DATASET RECORDS:
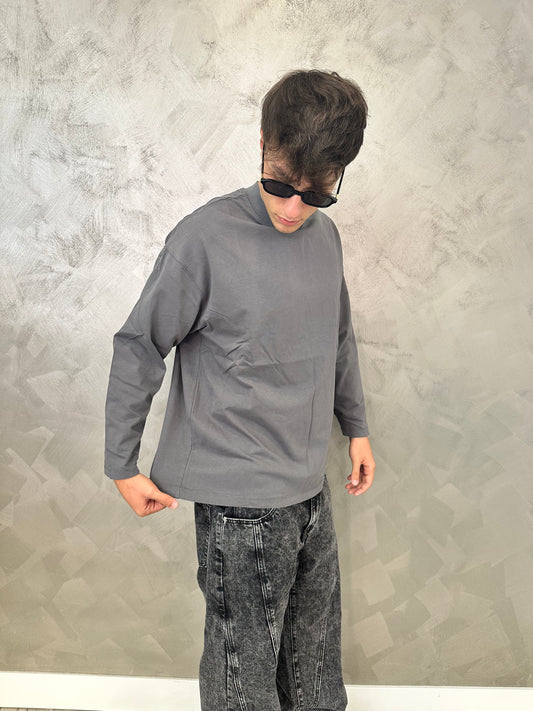 Longsleeve grigio piombo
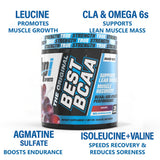 BPI Sports Best BCAA mezclado en vaso, hidratación rápida y sabor uva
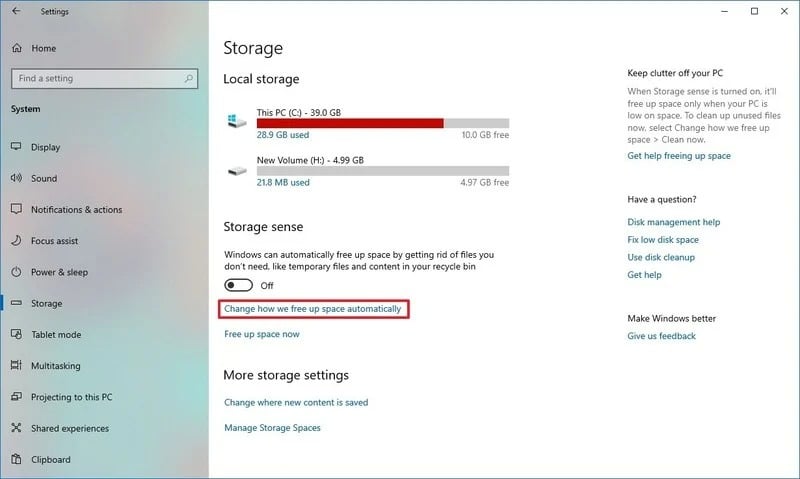 storage sense settings windows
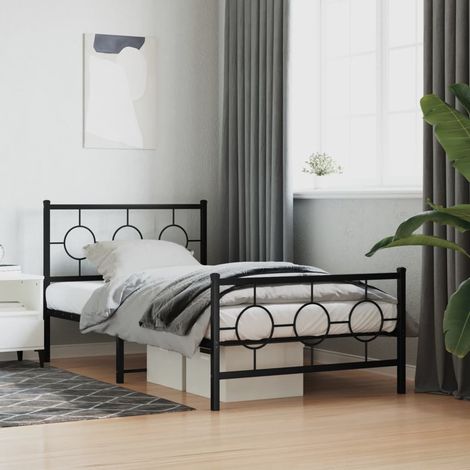 Estructura cama sin colchón con estribo metal negro 100x200 cm vidaXL (1/5)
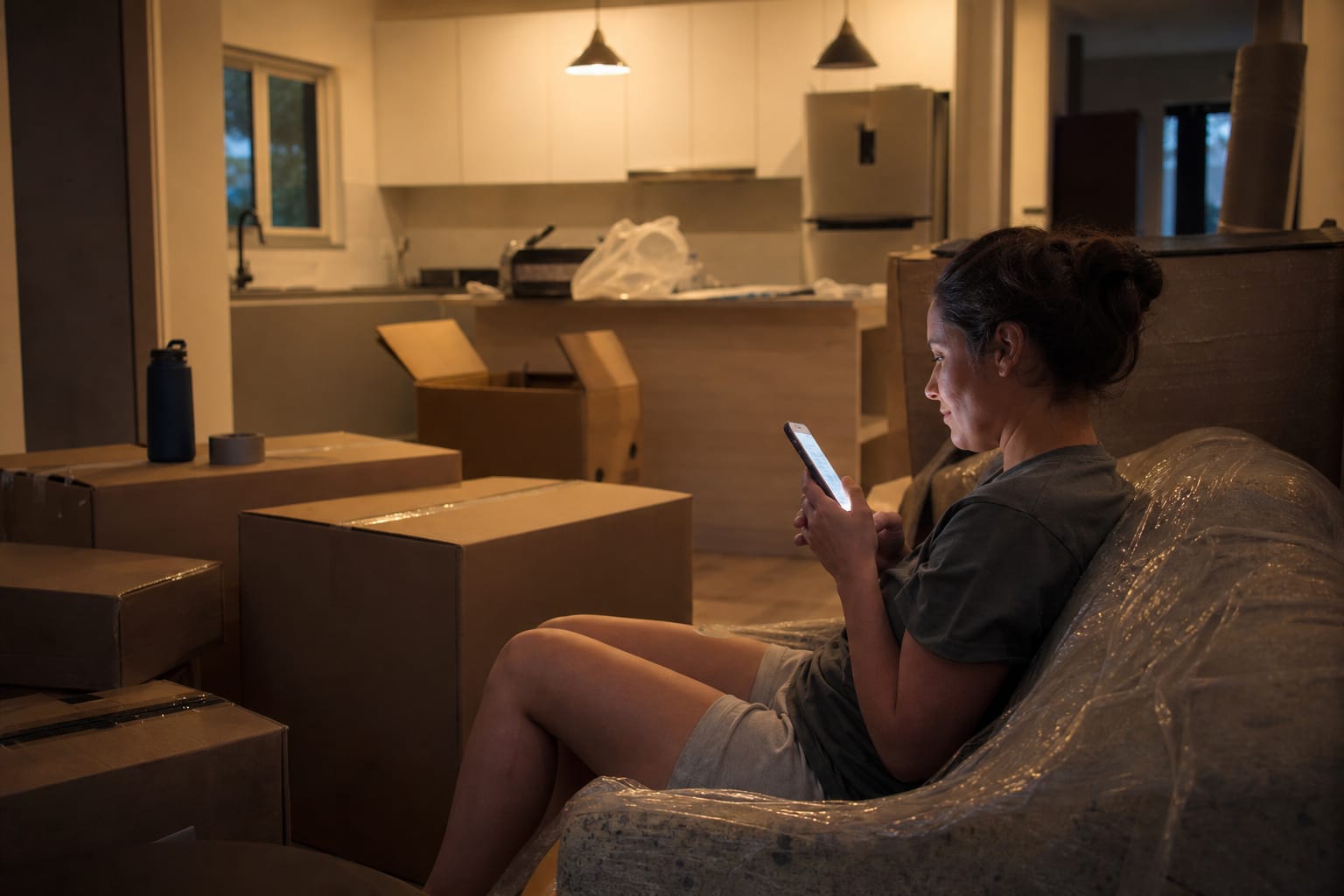 Woman on a wrapped couch among moving boxes searching on her phone in evening light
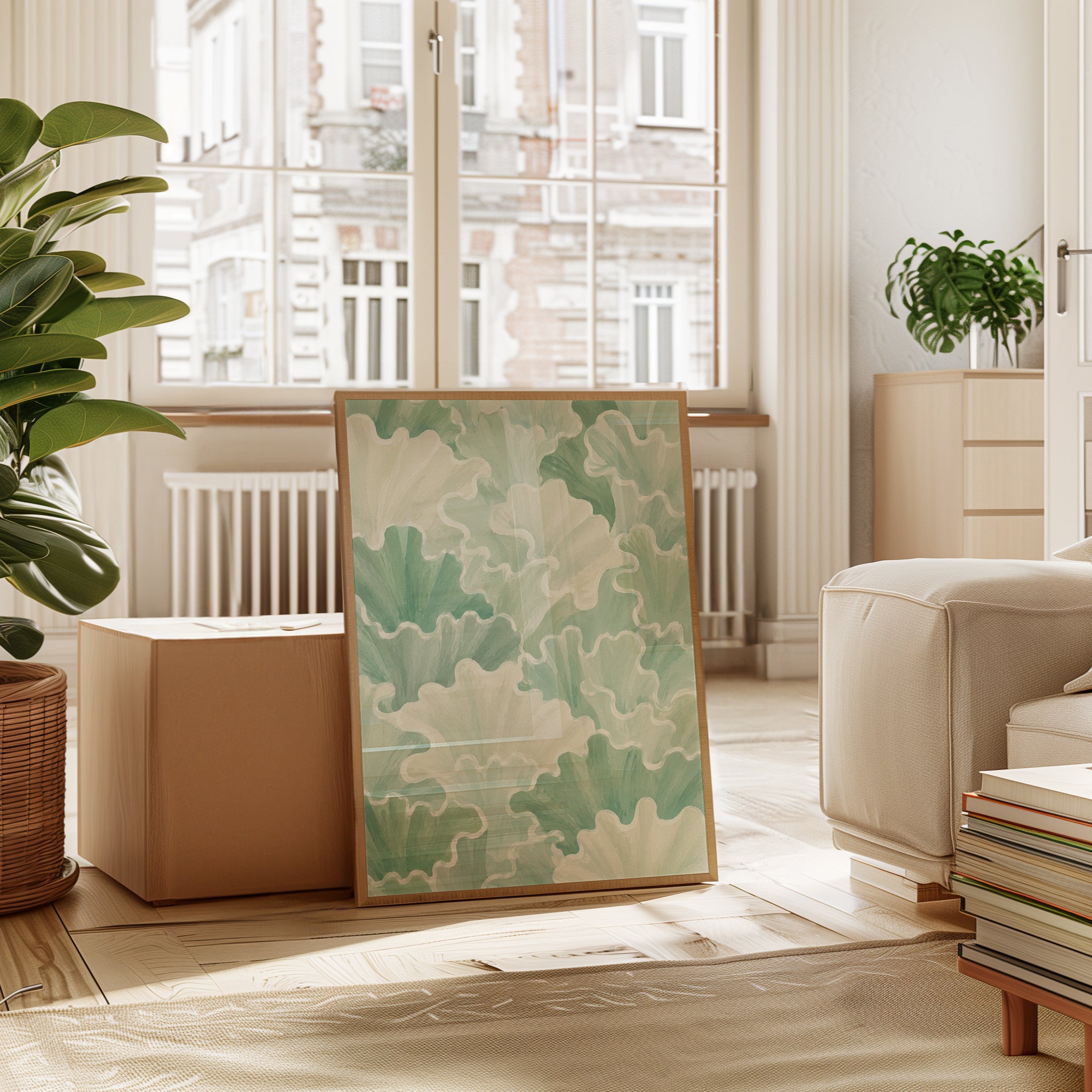 Sage Green Botanical Print – Kale Leaf Wall Art - interior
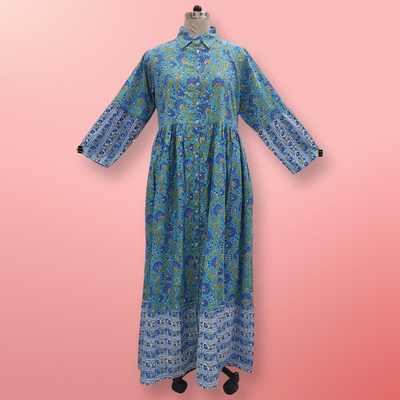 L/XL Blue Ana Printed Cotton Dress 57&quot; Long Jalabiya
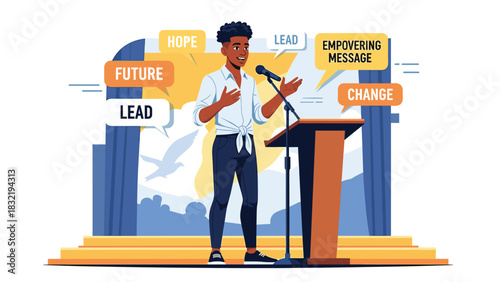 Dynamic Speaker Delivering Empowering Message on Stage, Inspiring Future Change and Leadership with Hope and Vision, Motivating Positive Action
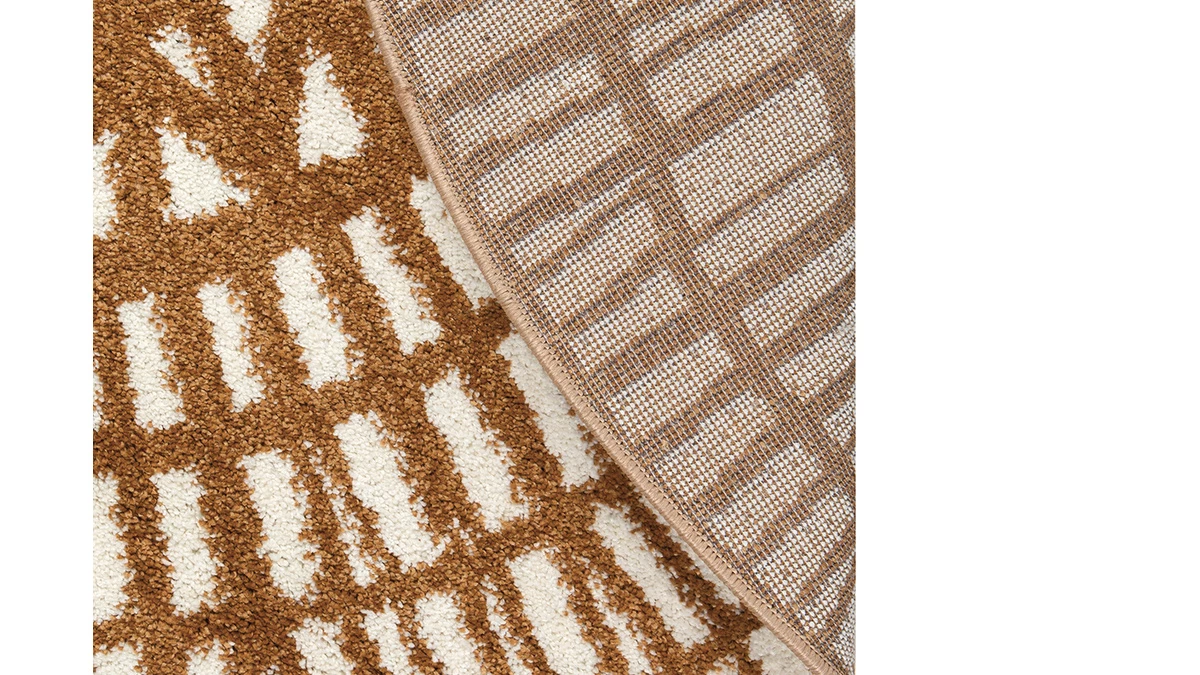 Tapis Rond Graphique Jaune D160 Cm OLAPA 5 Tapis Rond Graphique Jaune D160 Cm OLAPA – Image 3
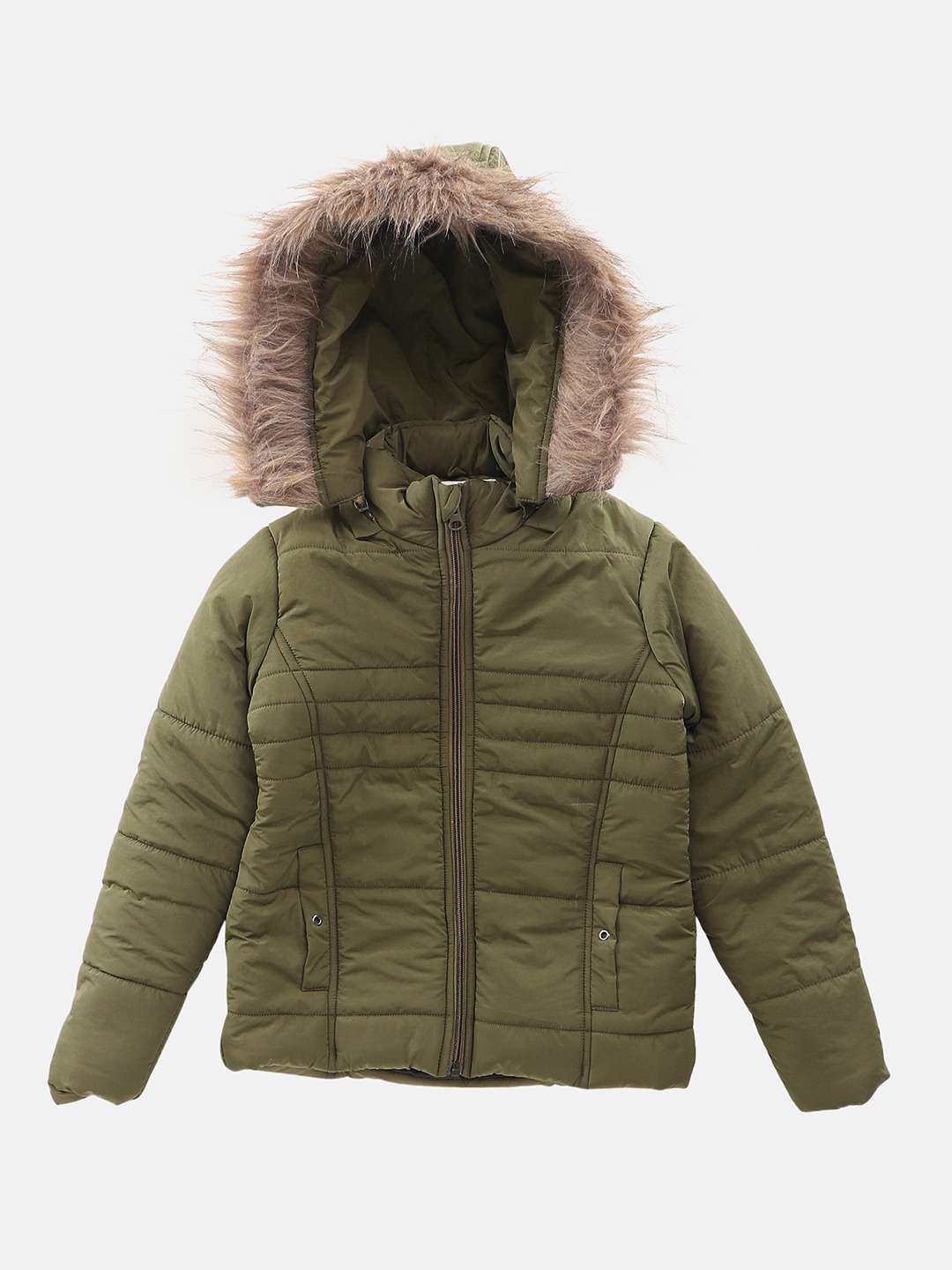

GOJI Girls Olive Green Longline Parka Jacket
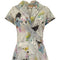 1950s Grey Textured Nylon Crepe Printed Dress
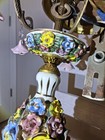 Fab Vintage Italian Porcelain Capodimonte Rose Floral Brass 5 Light Chandelier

INSTRUCTIONS FOR THE TASK: Repeat exactly the lines from the one holding "Tapis Rond Graphique Jaune D160 Cm OLAPA 5" through the last line of the entries, both included; the pictures do not belong in the copy.

RESULT OF THE EXERCISE:
 Tapis Rond Graphique Jaune D160 Cm OLAPA 5 Tapis Rond Graphique Jaune D160 Cm OLAPA – Image 3

GOJI Girls Olive Green Longline Parka Jacket
 1950s Grey Textured Nylon Crepe Printed Dress
 Fab Vintage Italian Porcelain Capodimonte Rose Floral Brass 5 Light Chandelier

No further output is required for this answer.